Original Air Date: 5/22/07

Charles Barkley; Seth Rogen; and Michael Martin Murphey.
PLUS: The Reagan Diaries; research on the elderly; Great Moments in Presidential Speeches; and May I Drive Your Car, Please?

"...and now, newborn Egyptian tortoise . . . . . David Letterman!"

ACT 1
Michael Martin Murphey
is on the program tonight and he will be performing the haunting and romantic single, "Wildfire." Yes, the haunting and disturbingly romantic "Wildfire." And then immediately following our show tonight, on our Late Show website you will hear another Michael Martin Murphey performance. It's a very special webcast. . . . it's not available on TV.

The Reagan Diaries: July 18, 1985 - our deal to trade arms with Iran in exchange for hostages fell through when we also demanded flank steaks.

Dave tries to explain the atmosphere in the theater after "Wildfire." I was busy doing something for the show and when I had a chance to look up, I saw Dave impersonating a moody cowboy. Dave has no use for moody cowboys. "Well, I'm not going on the roundup" is what Dave believes a moody cowboy would say.

A new study has found that mental deterioration occurs more rapidly in elderly men than in elderly women. Some of the evidence found is particularly unsettling. We take a look at a clip.
Announcer:

"According to a recent study, the mental capabilities of men decline more rapidly with age then those of women. Researchers came to this conclusion by observing elderly men in a laboratory setting, in the workplace, and on television. (shot of Dave babbling at the desk) Men: Am I right, ladies?"
The song "Wildfire" . . . it's both provocative and evocative. . . . and it comes with a beautiful piano introduction. After a quick search, we discovered the song opens with an intro based on a classical piece by Russian composer Alexander Scriabin (1872-1915).

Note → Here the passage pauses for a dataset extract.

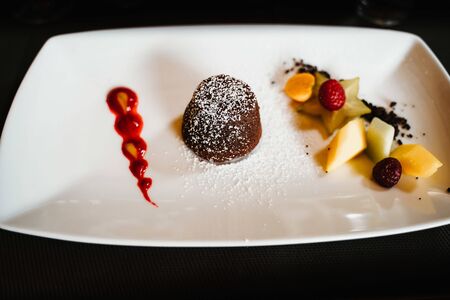 colorful photo of vegan dessert with fruitsの写真素材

GREAT MOMENTS IN PRESIDENTIAL SPEECHES: We see FDR. We see JFK. We see George W. Bush: "Information is moving . . . It's moving through the blogosphere . . . and the internets . . ."

ACT 2
Tonight we're playing something that doesn't have a chance of working. It's something we call, "May I Drive Your Car, Please." It can't possibly work.
How we play: Biff is out on Broadway. He stops a motorist. He asks the motorist if he can drive his car around the block.
Dave doesn't think this will work. Does Biff think it'll work? "Not a chance," says Biff. And what are we playing for tonight?
Alan: "Hi, I'm Alan Kalter, TV's Dr. Love. Tonight, we're playing for a Sunbeam Bug Zapper."

OK, whenever Biff is ready. Biff takes a few steps out onto Broadway in this sure-to-fail social experiment. Dave immediately sees a bicyclist, a delivery guy, approaching on his bike. Dave screams for Biff to stop the guy and ride the bike around the block. Biff tries to explain what he wants to do but the poor guy doesn't understand English. Biff gives the guy the universal sign for "Give me your bike" and takes the bike from the delivery guy. Biff hops aboard and away he goes. Biff rides south down Broadway and makes a right onto 53rd. Dave says all over America people are dialing 911 reporting they've just seen a crime take place. We break for commercial and when we return we find the lone delivery guy looking forlorn outside the theater not knowing if his bicycle would ever return. And then we see Biff makes his turn from 54th onto Broadway. Soon, delivery guy and bike are reunited. Plus, the delivery guy got a Bug Zapper. . . . and I heard he was slipped some "green."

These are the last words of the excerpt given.